Search
Python File Processing

Typewriter

In this lecture, we discuss some of the basic techniques in Python for file processing, especially when accessing data in text files.

Outline

  • Python file data processing
    • Text file processing
    • Processing strings and statistics
    • CSV file processing
  • Alternatives

Text Files

What text files?

A text file is any file containing only readable characters:

  • Characters being letters, numbers...
  • As well as other symbols and exotic symbols
  • English and other languages

Text

A text file may letters, numbers, and other symbols, in English or other languages.

In a text file:

  • Symbols can have special meanings, e.g. math $ A = \pi r^2$

  • Code in special syntax, e.g.
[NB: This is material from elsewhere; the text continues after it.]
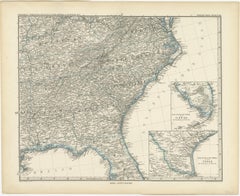 Antique Map of Tennessee, Kentucky, Virginia, Alabama, Georgia and Surroundings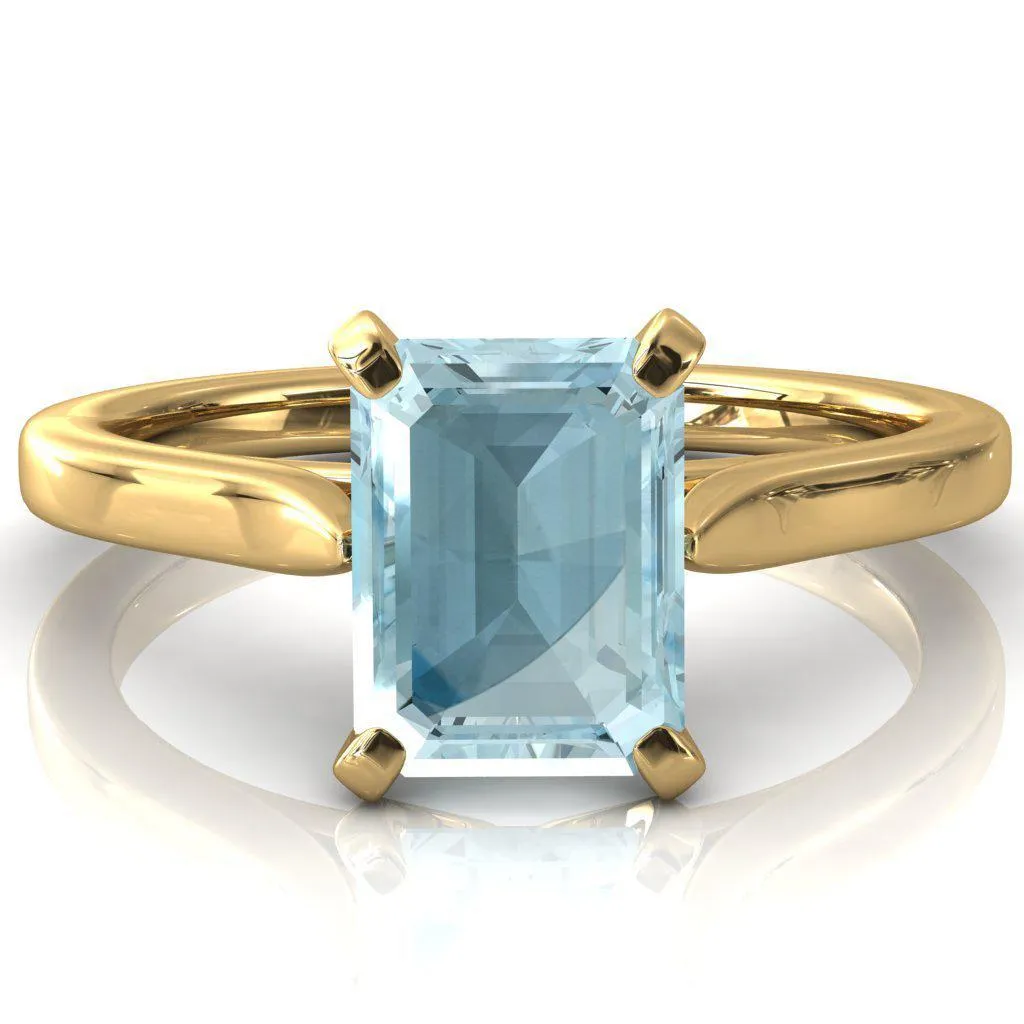 Darci Emerald Aqua Blue Spinel 4 Prong Cathedral Solitaire Engagement Ring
HTML code

  • Writing/data in various structures, e.g. text in paragraphs or tables:

Column 1 Column 2 Column 3
... ... ...
... ... ...

A scientific article is an example of a text file, where you may encounter math equations and symbols with special meanings. It may be a web page with HTML code, which follows a special syntax defined by the W3 consortium. It may contain descriptions in paragraphs and data in tabulated structures.

What is not a text file?

  • Binary files
    • JPEG or GIF pictures
    • MP3 audio files
    • Binary document formats, e.g. PPT
  • Binary files require special programs

Text files can be viewed and edited by any text editor, e.g. Notepad on PC, TextEdit on Mac, and vi on Linux/Unix, etc. But binary files require special software to access them.

In this lecture, we focus on processing text files.

Reading a file

  • To read and print the content of a text file:
f = open("months.txt")
print(f.read())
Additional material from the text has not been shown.